### REQUIREMENT
The answer must be the full listing, reproduced word for word.

#####

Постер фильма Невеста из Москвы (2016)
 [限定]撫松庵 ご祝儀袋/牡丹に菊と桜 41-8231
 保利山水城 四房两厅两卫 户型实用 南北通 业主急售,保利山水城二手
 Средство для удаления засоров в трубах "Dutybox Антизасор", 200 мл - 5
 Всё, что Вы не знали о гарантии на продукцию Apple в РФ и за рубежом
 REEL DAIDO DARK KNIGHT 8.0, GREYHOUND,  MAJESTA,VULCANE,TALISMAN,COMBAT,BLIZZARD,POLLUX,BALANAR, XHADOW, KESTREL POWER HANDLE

#####

### RESPONSE BELOW
Постер фильма Невеста из Москвы (2016)
 [限定]撫松庵 ご祝儀袋/牡丹に菊と桜 41-8231
 保利山水城 四房两厅两卫 户型实用 南北通 业主急售,保利山水城二手
 Средство для удаления засоров в трубах "Dutybox Антизасор", 200 мл - 5
 Всё, что Вы не знали о гарантии на продукцию Apple в РФ и за рубежом
 REEL DAIDO DARK KNIGHT 8.0, GREYHOUND,  MAJESTA,VULCANE,TALISMAN,COMBAT,BLIZZARD,POLLUX,BALANAR, XHADOW, KESTREL POWER HANDLE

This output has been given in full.